Optionally make --host / --port default from env (NODETOOL_WORKER_HOST, NODETOOL_WORKER_PORT) so the >70000 identity-port trick is possible on cloud hosts. Optional; not required for local.

6.2 Client side — `nodetool2` `python-websocket-bridge.ts`

The ws WebSocket constructor at the connect site already takes an options object ({ maxPayload }). Add headers: { Authorization: 'Bearer ' + token } when a token is configured.
Token source: options.workerToken ?? process.env.NODETOOL_WORKER_TOKEN, threaded through PythonBridgeOptions and createPythonBridge() (alongside wsUrl).
The header must be applied on both the initial connect and every reconnect (the reconnect path builds a fresh socket).
When no token is configured, behavior is unchanged (no header sent).

6.3 Why a header (not first-message or subprotocol)

Both libraries support it directly (ws headers option; websockets process_request + request.headers).
The handshake is rejected before any application frame, so an unauthenticated peer never reaches the executor.
Headers survive both direct-TCP and HTTP-proxy paths.

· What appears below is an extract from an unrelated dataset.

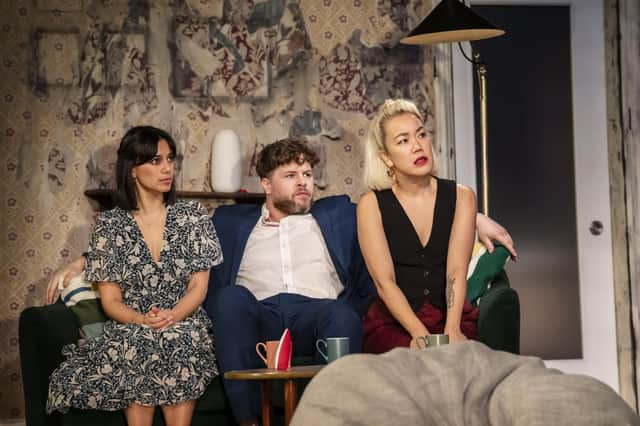 Fiona Wade (Jenny), Jay McGuiness (Ben), Vera Chok (Lauren) in 2.22 - A Ghost Sory. Photo by Johan Persson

7. Validation (local, CPU-only)

Performed end-to-end on macOS Docker (CPU):

Image build — make build-core then make build-hf succeed.
Image health — make up; the container’s ws-handshake healthcheck reports healthy.
Auth gate —
- Worker started with NODETOOL_WORKER_TOKEN=secret.
- Bridge with no / wrong token → handshake rejected (401), connect fails.
- Bridge with matching token → connects.
Bridge attach — start the TS server with NODETOOL_WORKER_URL=ws://localhost:8787 NODETOOL_WORKER_TOKEN=secret npm run dev:server; server logs a successful discover + worker.status; HF node metadata is present.
Graph run — execute the smoke workflow either via the CLI (NODETOOL_WORKER_URL=ws://localhost:8787 NODETOOL_WORKER_TOKEN=secret nodetool workflows run examples/hf-worker-smoke.json) or by loading it into the running server (web UI). The HF node runs on the container and returns an embedding (np_array) — SentenceSimilarity is a feature-extraction node (one embedding per input string), not a cross-string scorer, so the smoke graph previews the embedding(s). First run downloads the model into the hf-cache volume; subsequent runs reuse it.

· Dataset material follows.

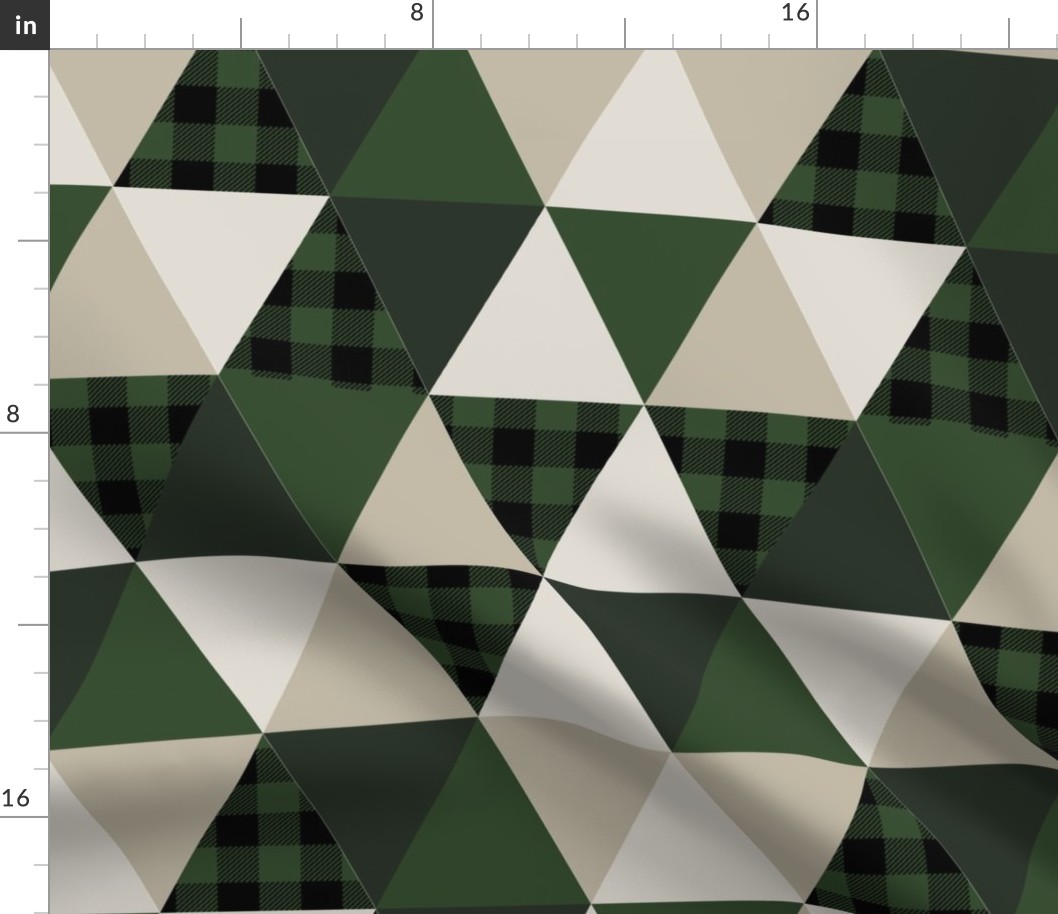 triangle quilt fabric hunter green and tan fabric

CUDA-only nodes (most diffusers/3D) are expected to fail locally and are deferred to the GPU iteration.

8. Cloud targets — recorded constraints (NEXT iteration, not built here)

Validated against current (2026) RunPod and Vast.ai docs. The image design holds on both (PyPI CUDA wheels + host driver; CMD runs on boot). The deltas below are exposure/ops concerns that the deploy iteration must satisfy.

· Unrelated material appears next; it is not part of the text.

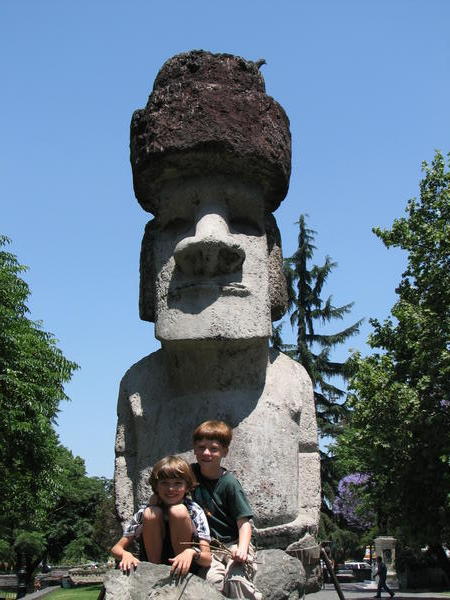Ben and Noah with Easter Island head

8.1 Transport: direct TCP, never an HTTP proxy

RunPod HTTP proxy (*.proxy.runpod.net) is Cloudflare-fronted: 100 MB body cap, 100 s timeout, WS disconnects observed at ~1.8 MiB. Unusable for large binary frames. → Use Expose TCP Ports (direct, public IP, random external port).
Vast.ai raw -p is direct TCP passthrough (good). Their Caddy auth-proxy (when external≠internal port) inserts an HTTP hop → use an identity port map (e.g. a port >70000) for raw passthrough.
Mitigation / preference: offload large blobs to ASSET_BUCKET / S3 (the worker already supports asset env) so WebSocket frames stay small. This both relieves the frame-size limits and reduces egress. The 256 MB bridge frame ceiling should be treated as a backstop, not a routine payload size.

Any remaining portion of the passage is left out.